27 June 2009

A Missing Acropolis Marble

There is no image for this posting because photography was forbidden but imagine a wonder dancing, to unheard music.

The Acropolis Museum is being opened during a series of carefully orchestrated receptions and lectures. It is a remarkable building and details can be read elsewhere. What appears to be the main point of the openings is the emphasis on the Elgin Marbles, and this is demonstrated visually by placing plaster copies of them amid the carvings that have survived in situ.

The Elgin Marbles are a problem I will not solve: at least they can be seen. I am much more concerned with Greek marbles, in Greece, kept unseen.

A few months ago, a group of us had the priviledge of seeing an extraordinary collection of sculpture in the apotheke of the museum of Astros. Despite guidebook recommendations, this museum has been closed for a number of years and the Greek Archaological Service seems to have no interest in reopening it, so the very real treasures it contains might just have well been left in the ground.
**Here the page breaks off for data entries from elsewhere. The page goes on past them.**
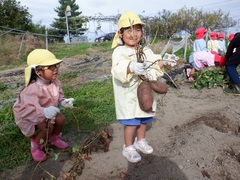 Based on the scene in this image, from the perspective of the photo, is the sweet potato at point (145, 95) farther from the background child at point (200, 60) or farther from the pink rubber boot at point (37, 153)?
the background child at point (200, 60)

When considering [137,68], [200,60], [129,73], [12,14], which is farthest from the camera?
[12,14]

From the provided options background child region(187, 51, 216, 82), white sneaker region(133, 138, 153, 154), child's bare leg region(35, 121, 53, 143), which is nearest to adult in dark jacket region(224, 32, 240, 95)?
background child region(187, 51, 216, 82)

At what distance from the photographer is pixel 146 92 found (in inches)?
77.5

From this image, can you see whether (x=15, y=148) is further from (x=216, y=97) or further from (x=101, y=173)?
(x=216, y=97)

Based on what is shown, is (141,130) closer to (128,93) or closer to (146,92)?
(128,93)

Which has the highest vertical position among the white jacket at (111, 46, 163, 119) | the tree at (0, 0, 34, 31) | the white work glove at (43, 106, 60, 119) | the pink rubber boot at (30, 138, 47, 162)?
the tree at (0, 0, 34, 31)

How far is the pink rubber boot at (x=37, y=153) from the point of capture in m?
2.45

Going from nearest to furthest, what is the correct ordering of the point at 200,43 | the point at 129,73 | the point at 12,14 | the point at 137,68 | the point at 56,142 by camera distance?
the point at 137,68, the point at 129,73, the point at 56,142, the point at 200,43, the point at 12,14

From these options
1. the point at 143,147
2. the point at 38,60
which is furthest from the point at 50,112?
the point at 143,147

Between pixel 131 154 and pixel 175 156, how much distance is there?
0.49 metres

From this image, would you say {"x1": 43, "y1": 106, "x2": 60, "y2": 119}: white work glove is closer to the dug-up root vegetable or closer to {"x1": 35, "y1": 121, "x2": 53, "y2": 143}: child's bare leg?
{"x1": 35, "y1": 121, "x2": 53, "y2": 143}: child's bare leg

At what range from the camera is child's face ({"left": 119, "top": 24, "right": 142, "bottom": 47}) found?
2082 mm

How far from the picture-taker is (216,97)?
4703mm

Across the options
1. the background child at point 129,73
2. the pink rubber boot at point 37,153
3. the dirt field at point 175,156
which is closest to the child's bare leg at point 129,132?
the background child at point 129,73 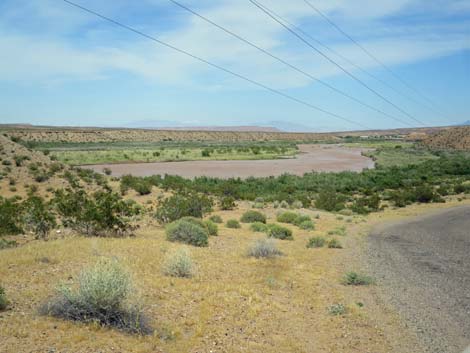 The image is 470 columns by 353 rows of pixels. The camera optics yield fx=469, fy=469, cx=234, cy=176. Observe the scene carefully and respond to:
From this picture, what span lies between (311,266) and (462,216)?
2011cm

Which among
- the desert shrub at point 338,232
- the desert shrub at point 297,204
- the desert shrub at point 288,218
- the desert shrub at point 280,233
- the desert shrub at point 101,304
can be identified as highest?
the desert shrub at point 101,304

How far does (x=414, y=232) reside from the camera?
25.3 metres

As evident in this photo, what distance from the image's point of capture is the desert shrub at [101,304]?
8.61 m

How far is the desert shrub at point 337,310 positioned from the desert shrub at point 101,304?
450 centimetres

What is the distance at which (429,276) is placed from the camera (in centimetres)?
1530

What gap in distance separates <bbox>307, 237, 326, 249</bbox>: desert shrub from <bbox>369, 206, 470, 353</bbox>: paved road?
Result: 2.09m

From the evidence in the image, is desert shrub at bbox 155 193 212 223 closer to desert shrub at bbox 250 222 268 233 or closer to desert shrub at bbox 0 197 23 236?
desert shrub at bbox 250 222 268 233

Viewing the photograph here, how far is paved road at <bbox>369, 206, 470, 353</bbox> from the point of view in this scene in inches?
398

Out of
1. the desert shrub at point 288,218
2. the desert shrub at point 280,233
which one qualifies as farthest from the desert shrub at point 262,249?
the desert shrub at point 288,218

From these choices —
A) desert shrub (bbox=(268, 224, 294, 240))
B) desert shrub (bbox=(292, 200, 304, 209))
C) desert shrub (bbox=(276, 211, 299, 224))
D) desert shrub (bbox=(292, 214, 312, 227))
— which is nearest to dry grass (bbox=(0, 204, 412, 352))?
desert shrub (bbox=(268, 224, 294, 240))

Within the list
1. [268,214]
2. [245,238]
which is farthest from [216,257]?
[268,214]

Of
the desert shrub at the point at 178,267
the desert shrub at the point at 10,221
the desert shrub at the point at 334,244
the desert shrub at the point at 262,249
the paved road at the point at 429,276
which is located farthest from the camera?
the desert shrub at the point at 334,244

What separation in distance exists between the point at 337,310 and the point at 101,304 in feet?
18.1

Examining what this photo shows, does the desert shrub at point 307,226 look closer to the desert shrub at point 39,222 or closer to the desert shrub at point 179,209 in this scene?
the desert shrub at point 179,209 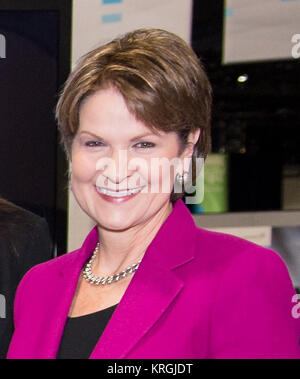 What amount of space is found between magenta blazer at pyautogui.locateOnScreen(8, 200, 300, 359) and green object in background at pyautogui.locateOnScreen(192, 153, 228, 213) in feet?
1.44

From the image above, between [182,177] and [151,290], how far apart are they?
0.29 meters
We had 10 minutes in the apotheke, thirty of us in a crowded humid space too low for some to stand up straight, photographs were forbidden, and there was too much visual wealth to grasp in too little time. The apotheke houses the best of the treasures found at the villa of Herodes Atticus in nearby Eva-Douliana by archaologists George and Theodore Spyropoulos over the last seventeen or so years. It is a singularly unattractive site for a villa. Four years ago the Supreme Archaological Council (who makes up these names?) announced that this villa was to become an open-air museum: it has not happened.

This Astros apotheke holds the surviving marbles from the villa. Two are especially memorable.

The first is an amazing stone that appears to be the casualty list from the battle of Marathon. The inscription is written in boustrephon and diagonally, and was acquired by Herodes Atticus when he honored his home town of Marathon by constructing a great tumulus over the burial site of the Athenian dead.

This is to make a point. Herodes Atticus, who had more money than God, did a great deal of building across Greece which allowed him innumerable sources of art for the swollen collections at his various villas, including those at Marathon and Kefissia. These sources for his collections included the Acropolis of Athens.

The second marble in the apotheke is a dancing girl so lovely that there was a pain in my heart for the rest of the day, so fiercely did it leap in response to her. She whirls, one foot up for an instant, and I have never seen lovelier motion in marble. In about 420, the sculptor Callimachus carved her as one of a dozen dancing girls for a stoa on the Acropolis opposite those rather hunky caryatids. Herodes Atticus selected the girls for his villa. It is possible that she is not as wonderful as I remember: the lighting was bad, the time short, but I truthfully cannot say that in his place I would have left them alone.

This wonder of a dancing girl, surely one of the loveliest of the Acropolis marbles, remains unseen in a back corner of the humid apotheke.


  1. One of the archaeology staff, at the time when we saw the Marathon stone, told us that it was written in boustrophedon and diagonally, and I repeated that above. Now that we have pictures of the stone, I see we were incorrectly informed.
    Surely the archaeological staff should be better educated about their own holdings. We also learn now that this stone was excavated at some time between 1980 and 2001. No one who has not seen the apotheke of some museum can conceive of the bulk of treasures kept hidden and unpublished for generations. Surely "preserving the national heritage" does not mean acting as dogs in mangers. All the yammering about the Elgin Marbles does not make up for the lack of responsibility for the apothekes.

  2. There is no evidence that Herodes Atticus removed the Marathon casualty list from Marathon. The fact that it was found in his villa means nothing. The villa survived until the 5th c. AD. Any one of the later owners could have taken it.
    In addition, the dancing girl is not by Kallimachos. It is a copy of an acroterion of a Greek temple. The original was removed to Rome and is in the Palatine Museum.

  3. Thank you very much for this information. I wrote what our group was told when George Spyropoulos showed us the apotheke.


I will not publish Anonymous comments.